As outlined in a previous blog post, there are multiple tools for binary and source analysis. They are crafted with slightly different motivations and considerations by their respective developers and thus it is not trivial or well-defined to generally evaluate them against each other.

If we really want a comparative evaluation though, to have a meaningful one we need to identify a feature supported by all the tools under consideration, and generating callgraph is a baseline feature all tools support, and the idea is simple: the tool would analyze the code (be it binary or source code) and identify the functions and if a function foo can call bar, make an edge foo->bar in the callgraph.

The test program which I used to test, was just defining a bunch of functions which call each other. The main was empty, but it suffices as all it matters is the callgraph which is about how these defined functions call each other. And to then make that structured I generated hybercubes with them: for an N-hypercube, for 0 to 2^N - 1 name the functions as: name i = “f”+[binary representation of i] so for i = 2 we have f00, f01, f10, f11. Now treat each binary representation as coordinates in an N-dimensional space, each function would correspond to a vertex of a hypercube, for 2d its a regular square, and for 3d a (normal)cube. How are the vertices connected? Each two points are connected if their Hamming distance is 1 (i.e. they differ in only one coordinate).

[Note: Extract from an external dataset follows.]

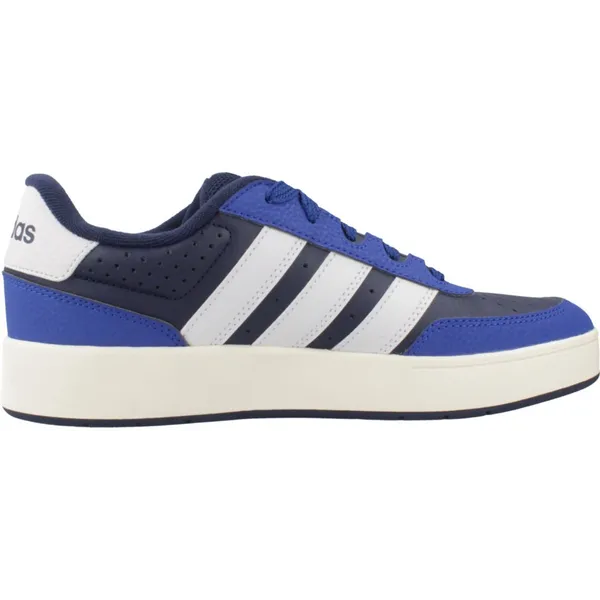adidas adidas Breakbase Schoenen Blauw EU 39 1/3 Kinderen — vergelijk prijzen bij 1 winkel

Hypercubes admit nice symmetries and are aesthetically pleasing but there is a downside: for our test we want to cover programs of different sizes, and we would fancy a way to cover different sizes as we want. With hypercubes we do not have a gauge, notice that ‘size’ here, would be the number of edges, and for a N-cube it is N^3, so we can get only programs of sizes 1, 8, 27, 64, … and so not only we are not making programs of arbitrary size but also the sizes aren’t even uniform, and the distance between possible program sizes diverge as N increases. The title image is a glimpse of one of the callgraphs generated by bap. It is very easy with bap:

1 | $bap executable -dcfg > output.dot |

Due to the symmetry of the hypercubes, it is very efficient to test the resulting callgraphs: if we have the correct number of edges, and each edge is between functions at Hamming distance 1, the callgraph is correct. But to have a better tunable measure for performance I generated programs using another model: a (n,p) program is a program with n functions, and for each function there is a probability p that it calls any other function => the expected number of edges is N*N\*P. Now we have two parameters to tune the size.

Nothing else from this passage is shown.